Global Finance selects the leaders in a specialized area of finance that is undergoing a jarring transformation.
Shifting global trade patterns and stronger supply chains linking the Wal-Marts of the world with their overseas suppliers are challenging trade finance banks to devise new ways of doing business. ABN Amro of the Netherlands, for example, confirmed a letter of credit in October 2005 issued by Karachi-based Metropolitan Bank for the import of canola into Pakistan. By confirming the letter of credit, the Dutch bank obligated itself to make payment to the supplier once appropriate documents were presented as evidence of delivery of the goods. This was the first transaction completed under the International Finance Corporations Global Trade Finance Program. The IFC provided a guarantee covering 80% of the risk involved in the transaction.
As emerging markets increase their share in world merchandise trade, banks are increasingly being asked by their customers to expand their trade finance services into new and often more-challenging countries. Guarantees provided by the IFC, the private-sector lending arm of the World Bank, are designed to encourage commercial banks to take on these added risks in a growing range of countries.
JPMorgan Chase was another one of the first banks to join the Global Trade Finance program last September. With an already robust emerging markets business in place, we will now be able to develop our exposure in these markets even further through the trade channel established by the IFC program, says Stacey Facter, global head of trade credit insurance for the treasury services business at the New York-based bank.
Meanwhile, trade finance banks are being challenged on another front. The volume of bank-guaranteed letters of credit is declining, and a growing share of world trade is being done on open-account terms without relying on banks as intermediaries. Under open account, a major importer with an established relationship with an overseas supplier simply agrees to pay for a shipment at a future date. The importer is not required to have its bank issue a letter of credit guaranteeing payment.
Not wanting to be squeezed out of this business, banks have responded by developing online platforms that enable their trade customers to gain the efficiencies of open-account transactions without giving up the security of payment guarantees. New programs have been developed to take information from purchase orders to create electronic letters of credit. The major trade finance banks are entering into alliances with third-party providers of logistics and transportation services.

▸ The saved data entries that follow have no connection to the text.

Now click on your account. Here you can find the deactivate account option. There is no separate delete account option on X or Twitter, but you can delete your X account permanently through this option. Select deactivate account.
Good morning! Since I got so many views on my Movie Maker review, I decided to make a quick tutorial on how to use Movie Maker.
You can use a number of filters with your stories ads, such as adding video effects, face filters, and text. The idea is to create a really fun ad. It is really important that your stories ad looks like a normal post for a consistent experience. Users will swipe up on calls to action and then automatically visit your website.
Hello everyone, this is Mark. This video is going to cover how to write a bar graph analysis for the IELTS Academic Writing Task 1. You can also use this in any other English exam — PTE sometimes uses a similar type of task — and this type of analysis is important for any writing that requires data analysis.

This enables importers and exporters to manage their trade and payment flows from a single online site run by their bank or by a non-bank service such as TradeCard.

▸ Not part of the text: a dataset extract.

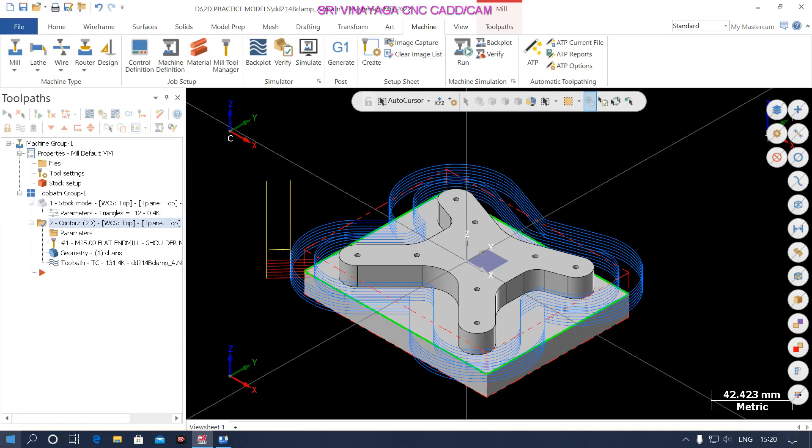Hi guys! This is Trivinayaka CNC Mastercam 2022. I am your Saravanan. How are you people? How do you do? I hope all people are doing good.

Calyon, the corporate and investment banking unit of French bank Crdit Agricole, agreed last year to sell the TradeCard platform and provide customer service for the system throughout Europe. Calyon will use its global network to sell both TradeCard and its own financial services to export customers.

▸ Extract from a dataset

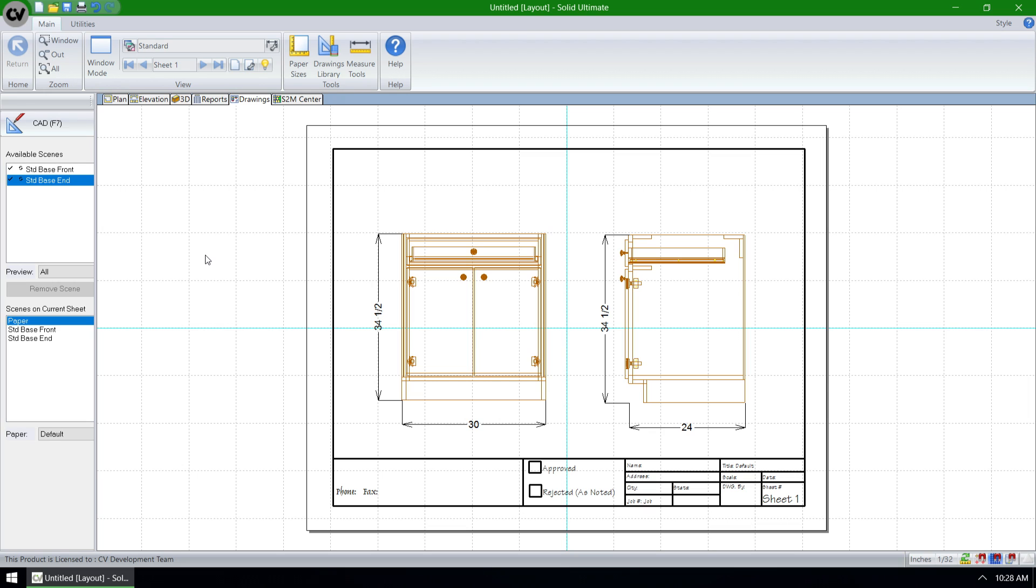Cabinet Vision Solid version 10 gives us the ability to store our last saved path for DXF exports from our Drawings view.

In our sixth annual survey of the Worlds Best Trade Finance Banks, Global Finance editors, with input from industry analysts, corporate executives and technology experts, chose the leading trade finance banks in 44 countries and five regions, as well as the best online trade finance provider.
Criteria for choosing the winners included transaction volume, scope of global coverage, customer service, competitive pricing and innovative technologies.